▶ **Your task**: Using the records below, write out again exactly the lines that begin at the line containing "おもしろトイレットペーパーの詰め合わせ 1ケース36個 贈答" and end at the line containing "Page 3 of Natsu", and no other lines.

▶ **Records for processing**:
┄┄┄┄┄┄┄┄┄┄

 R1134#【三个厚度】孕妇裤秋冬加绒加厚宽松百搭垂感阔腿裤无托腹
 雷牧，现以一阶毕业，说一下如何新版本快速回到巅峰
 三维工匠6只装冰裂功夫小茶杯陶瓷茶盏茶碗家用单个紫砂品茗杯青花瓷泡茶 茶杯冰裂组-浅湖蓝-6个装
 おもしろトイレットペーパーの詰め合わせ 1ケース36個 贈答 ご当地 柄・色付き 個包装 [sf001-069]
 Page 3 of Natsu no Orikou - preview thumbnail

┄┄┄┄┄┄┄┄┄┄

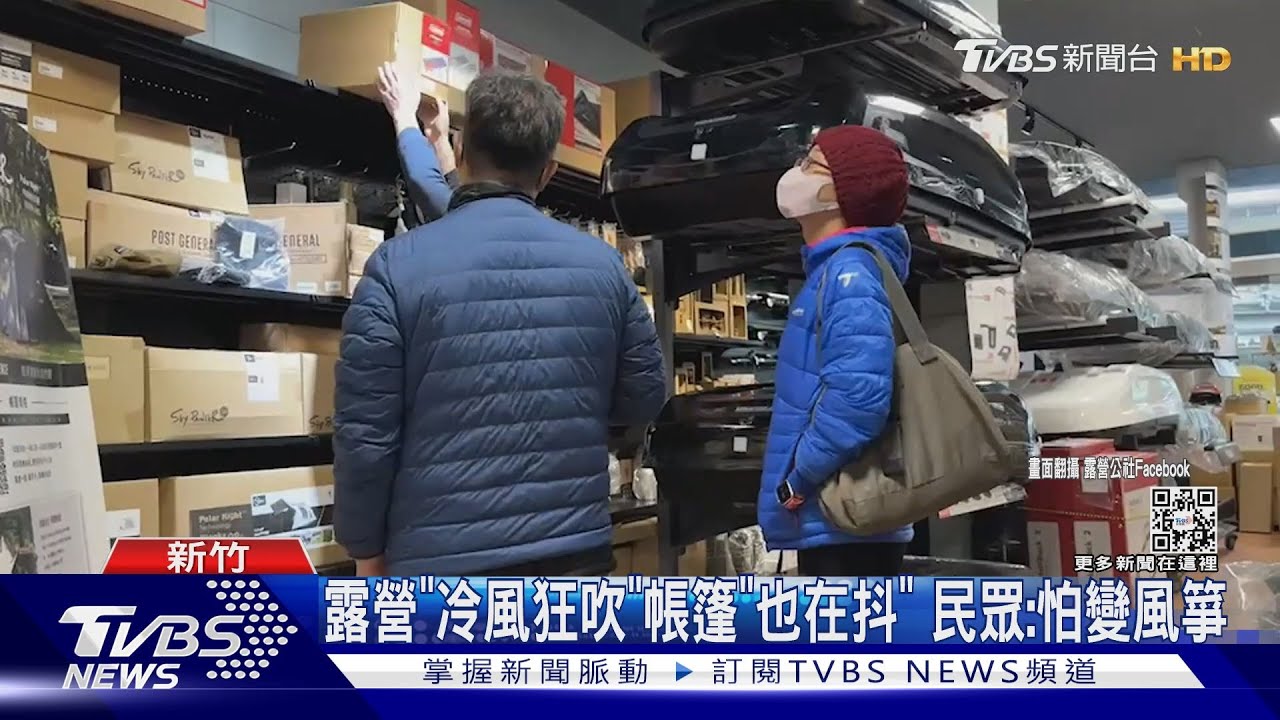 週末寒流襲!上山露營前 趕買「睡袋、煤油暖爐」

┄┄┄┄┄┄┄┄┄┄

▶ **Solution**:
 おもしろトイレットペーパーの詰め合わせ 1ケース36個 贈答 ご当地 柄・色付き 個包装 [sf001-069]
 Page 3 of Natsu no Orikou - preview thumbnail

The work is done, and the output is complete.